▶ _Problem description_
Set down, exactly as they stand, the lines from the one containing "Велокомпьютер O-synce macro" through the last line of the records below, leaving every picture out.

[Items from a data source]
+--
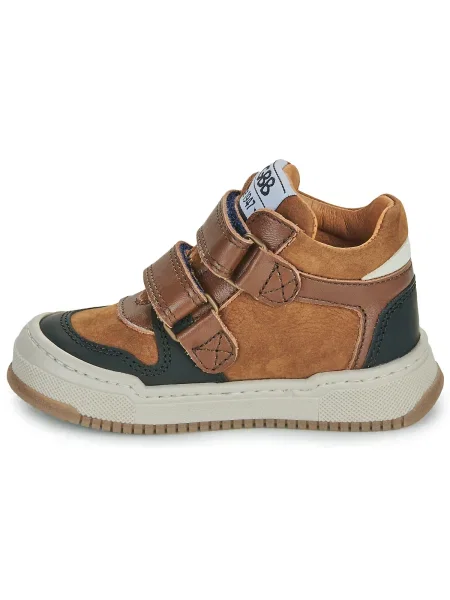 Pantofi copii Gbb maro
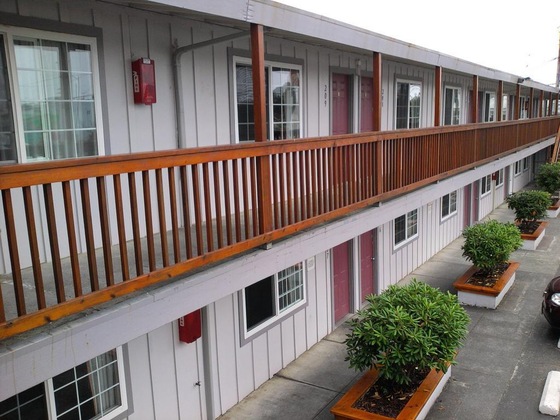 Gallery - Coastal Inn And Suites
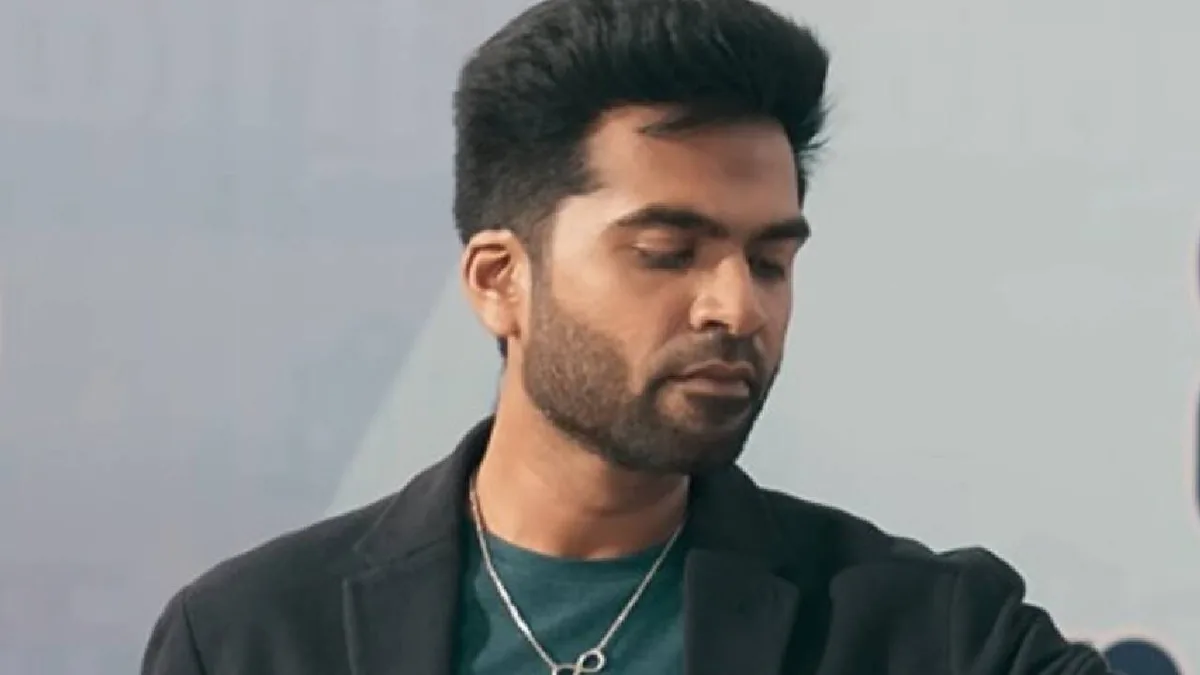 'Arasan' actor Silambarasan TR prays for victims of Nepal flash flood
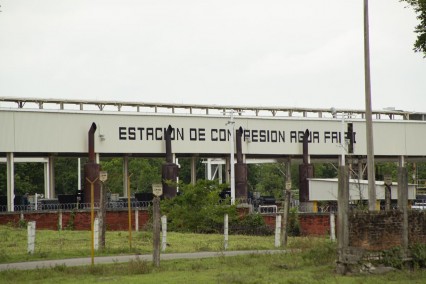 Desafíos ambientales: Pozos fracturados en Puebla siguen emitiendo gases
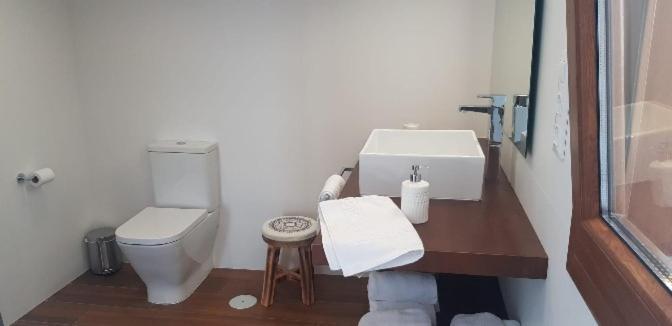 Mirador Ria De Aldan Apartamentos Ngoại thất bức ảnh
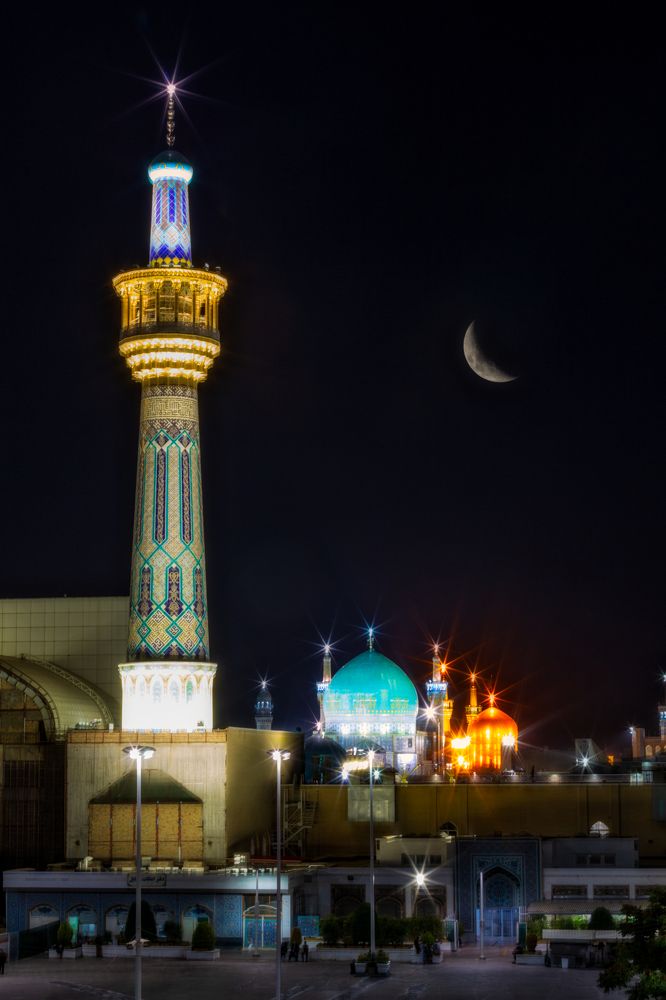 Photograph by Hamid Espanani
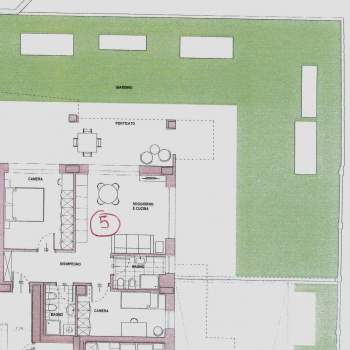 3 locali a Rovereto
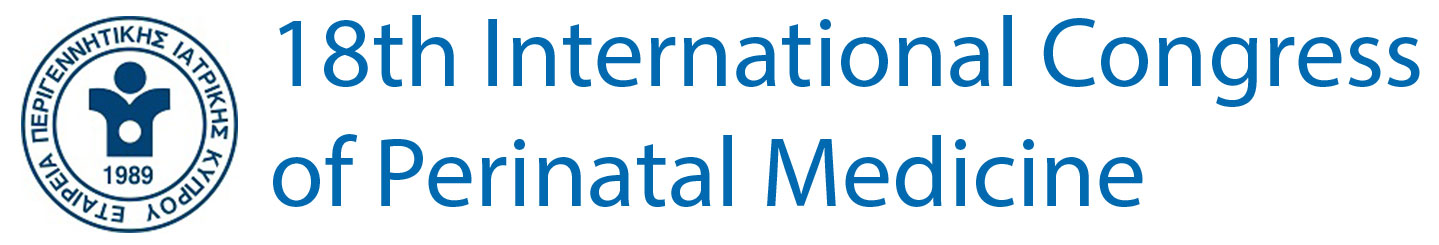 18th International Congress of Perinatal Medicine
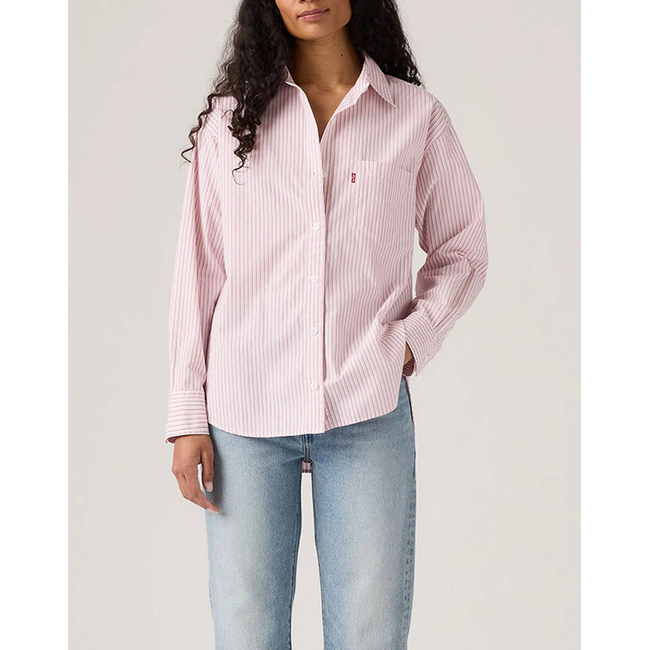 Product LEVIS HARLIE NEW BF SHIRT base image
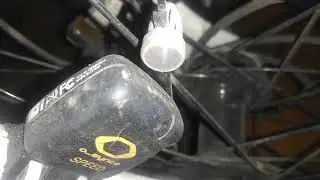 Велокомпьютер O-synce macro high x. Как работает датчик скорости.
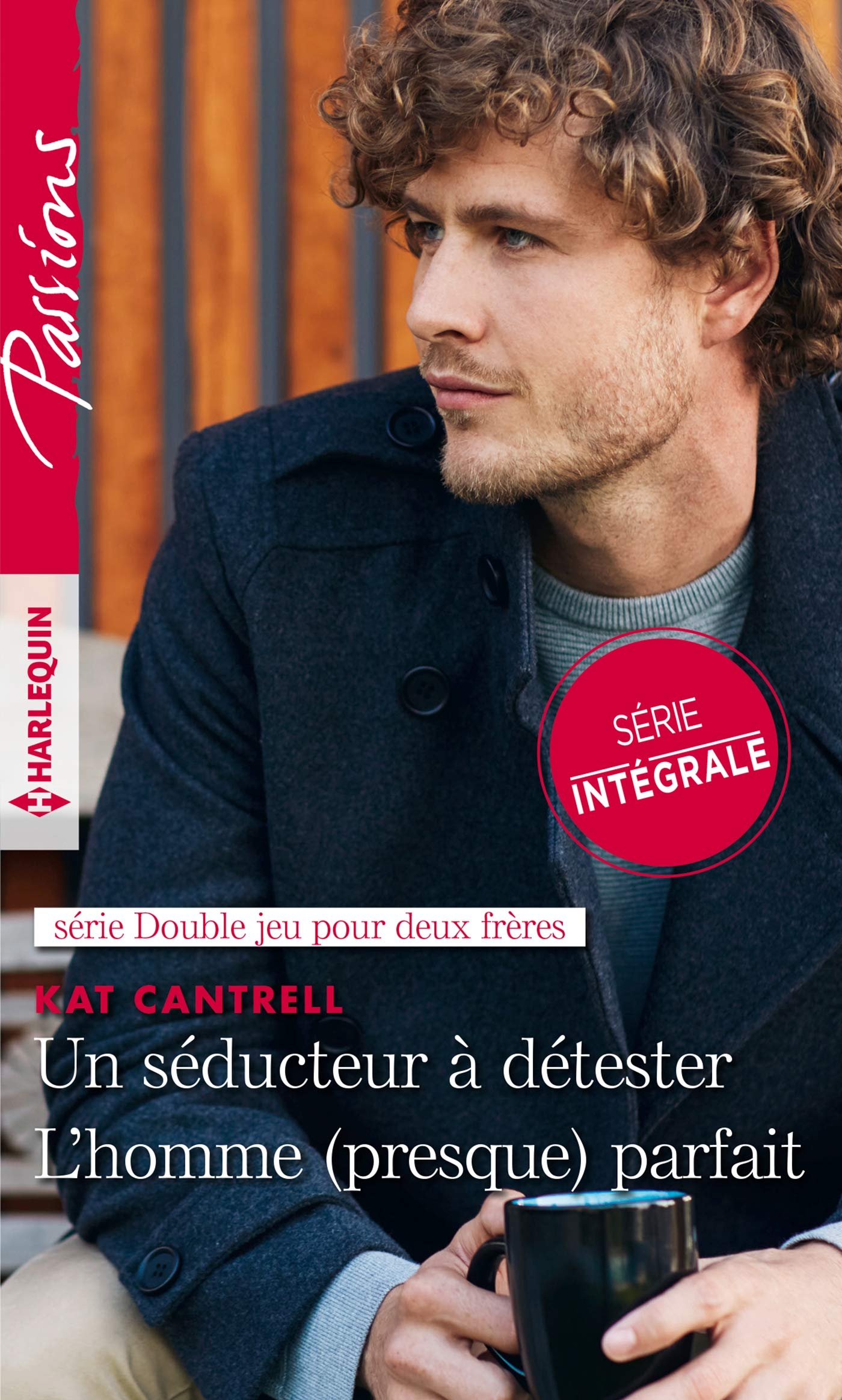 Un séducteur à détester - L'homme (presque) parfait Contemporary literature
+--
▶ _Exercise response_
 Велокомпьютер O-synce macro high x. Как работает датчик скорости.
 Un séducteur à détester - L'homme (presque) parfait Contemporary literature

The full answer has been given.